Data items
+ + + + +

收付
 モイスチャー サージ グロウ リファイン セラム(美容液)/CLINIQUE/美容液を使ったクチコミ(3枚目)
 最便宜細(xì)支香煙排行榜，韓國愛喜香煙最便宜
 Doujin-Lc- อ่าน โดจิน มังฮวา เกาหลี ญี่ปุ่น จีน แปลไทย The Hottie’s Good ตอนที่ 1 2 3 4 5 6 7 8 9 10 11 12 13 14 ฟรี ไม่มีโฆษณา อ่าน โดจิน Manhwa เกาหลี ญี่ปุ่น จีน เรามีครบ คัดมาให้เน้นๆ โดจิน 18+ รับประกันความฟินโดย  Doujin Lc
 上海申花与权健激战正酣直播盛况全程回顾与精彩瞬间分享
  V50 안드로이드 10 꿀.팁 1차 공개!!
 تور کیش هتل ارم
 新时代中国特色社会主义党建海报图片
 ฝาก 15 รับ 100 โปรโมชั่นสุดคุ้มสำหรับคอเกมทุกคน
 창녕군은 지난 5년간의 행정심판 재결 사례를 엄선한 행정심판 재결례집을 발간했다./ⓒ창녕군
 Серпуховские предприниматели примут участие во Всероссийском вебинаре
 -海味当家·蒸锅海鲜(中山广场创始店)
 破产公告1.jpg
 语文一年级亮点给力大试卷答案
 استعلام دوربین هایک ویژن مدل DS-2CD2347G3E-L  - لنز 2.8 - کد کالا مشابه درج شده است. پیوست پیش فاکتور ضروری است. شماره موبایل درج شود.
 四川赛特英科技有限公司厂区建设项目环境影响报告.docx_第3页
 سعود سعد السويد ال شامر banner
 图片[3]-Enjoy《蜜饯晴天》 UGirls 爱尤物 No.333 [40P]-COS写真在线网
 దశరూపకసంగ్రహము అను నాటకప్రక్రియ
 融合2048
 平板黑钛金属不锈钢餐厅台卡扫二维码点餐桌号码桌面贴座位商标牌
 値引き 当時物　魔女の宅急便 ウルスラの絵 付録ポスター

+ + + + +

- WHAT YOU WILL DO
This exercise calls for the line containing "平板黑钛金属不锈钢餐厅台卡扫二维码点餐桌号码桌面贴座位商标牌" and each line after it in the records, copied exactly.

- PROBLEM SOLUTION
 平板黑钛金属不锈钢餐厅台卡扫二维码点餐桌号码桌面贴座位商标牌
 値引き 当時物　魔女の宅急便 ウルスラの絵 付録ポスター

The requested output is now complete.